Proper trimming greatly reduces the workload of section and observation

The type I boutons were distributed over approximately 80 × 200 μm, which was a very large range for ultrathin sections and observation in TEM. Using longitudinal slicing instead of transverse slicing, if each slice was 80 nm, 1000 sections need to be prepared continuously. Therefore, trim the excess resin and muscles without NMJ bouton as much as possible, which could greatly reduce the workload. We recommend mainly the following ways to remove excess resin.

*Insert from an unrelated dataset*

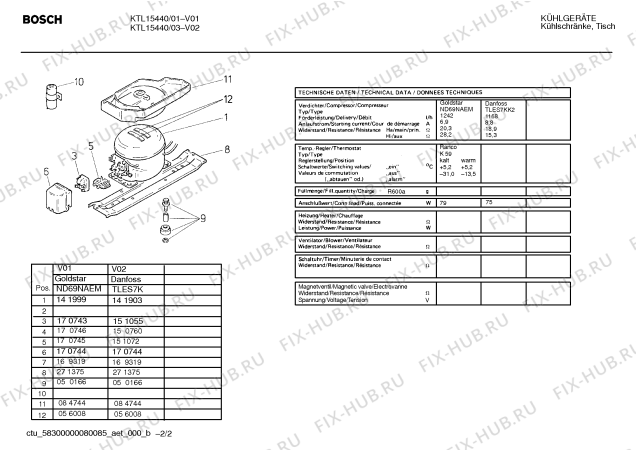 Схема №2 KTL14420CH с изображением Панель управления Bosch 00353126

At first, utilize the width of the 7th muscle to trim the 6th muscle. The width of the 7th muscle was less than that of the 6th muscle. According to the method we provided, the thicker 7th muscle could be carefully trimmed gradually, taking the 6th muscle as a reference. When the remaining part of the 6th muscle reached 1/3 of the 7th muscle, the position could be used as the starting point for slicing. When trimming, retaining several body segments at the same time was helped to adjust the parallelism between the tangent plane and the muscle (Fig. 2D), and this process could be done with a sharp glass knife or double-sided blade.

Then remove the two ends of 6/7 muscles. The NMJ boutons were not distributed at both ends of the 6/7 muscles. A recommended empirical value was to remove about 1/5 of the two ends, which can save 40% of the workload. We used to slice the A1–A3 and A2–A3 segments at the same time to get more NMJ boutons under TEM, but due to the sample was too long and narrow, it was not conducive to ultrathin sectioning and collecting the sections on the copper grid. Therefore, it was an efficient strategy to collect enough ultrastructural NMJ boutons between 6 and 7 at single A2 or A3 segment that was commonly used to count the number of NMJ boutons in the conventional literatures under a confocal microscopy.

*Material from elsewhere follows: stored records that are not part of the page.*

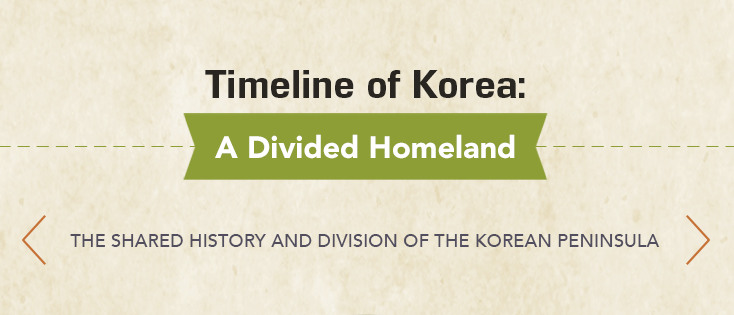 Cronología del encabezado de Corea
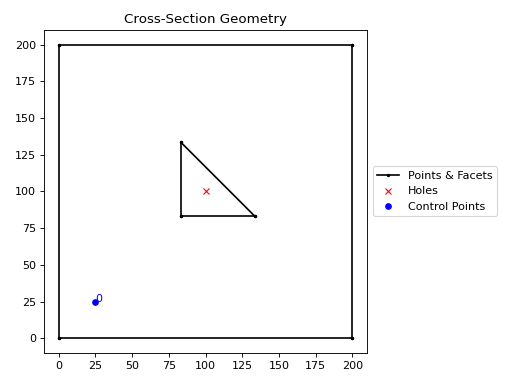 ../_images/sectionproperties-pre-geometry-Geometry-4.png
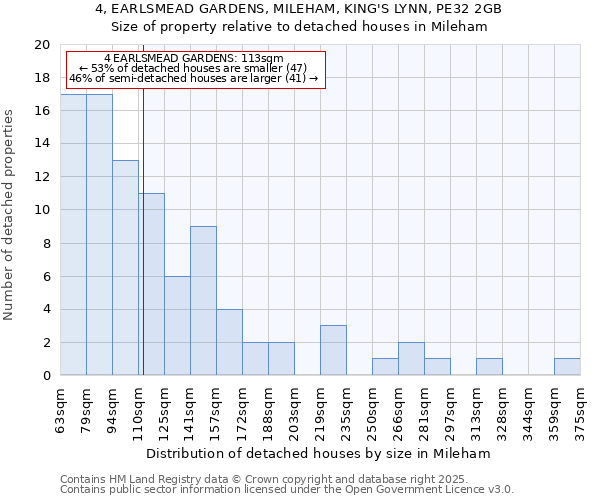 4, EARLSMEAD GARDENS, MILEHAM, KING'S LYNN, PE32 2GB: Size of property relative to detached houses in Mileham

At last, remove as much resin as possible outside the sample. Generally, to fully polymerize the sample in the resin, a small amount of resin would be left around the sample (Fig. 2E, F). Careful trimming of the excess resin could also reduce the workload exponentially (Fig. 2E–H). The most perfect trimming surface was that the resin was close but did not touch the sample (Fig. 3A-A’), on which surface the NMJ boutons were distributed (Fig. 3B, C). Since the stratum corneum did not have NMJ bouton, it could be trimmed carefully (Fig. 2I–K, Fig. 3A). Finally, the long and narrow section was trimmed, and the thickness of the sample was about 100 microns (Fig. 2K, Fig. 3A).

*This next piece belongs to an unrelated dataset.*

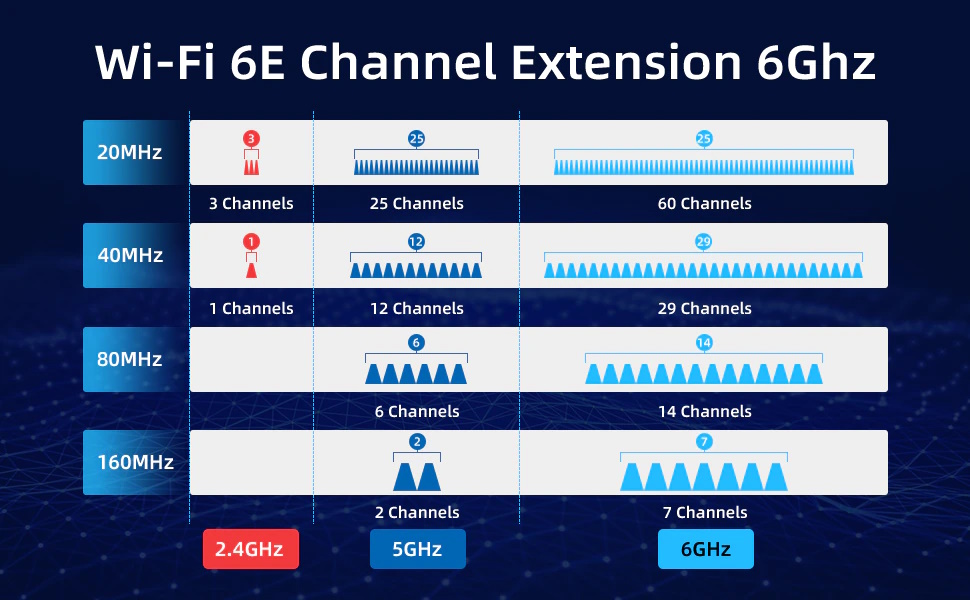 Мережевий адаптер Intel AX210 WiFi модуль 2.4/5GHz Wi-Fi 6, фото №9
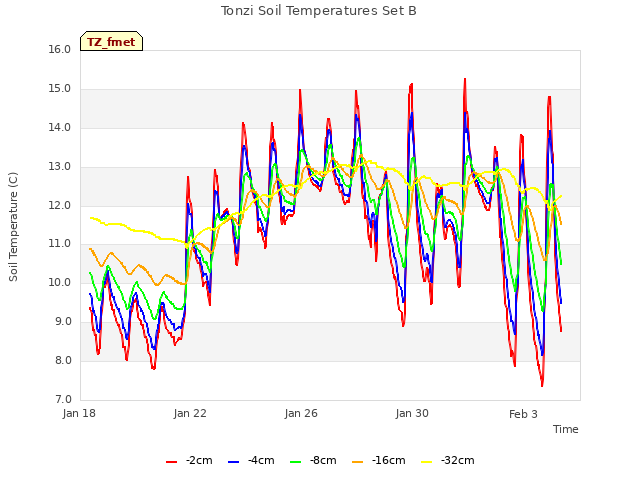 Explore the graph:Tonzi Soil Temperatures Set B in a new window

This method had been applied in Drosophila larvae NMJ boutons in our previous research (Sun et al. 2011; Xing et al. 2014; Zhang et al. 2017), and it could significantly reduce the abrasion of diamond knives, the usage of copper grid, and the application of TEM by removing both ends of the 6th/7th muscles, the stratum corneum and its adjacent muscles. Furthermore, this method could also be applied to the small organs such as the Drosophila embryo, ventral nerve cord (Gan et al. 2014) and brain (Wu et al. 2017), as well as thin organs such as toads and frog’ flaky lungs (Guangming et al. 2020b) and skins (Guangming et al. 2017) we had done. It should also be applied to the others thin organs such as brain slices in future.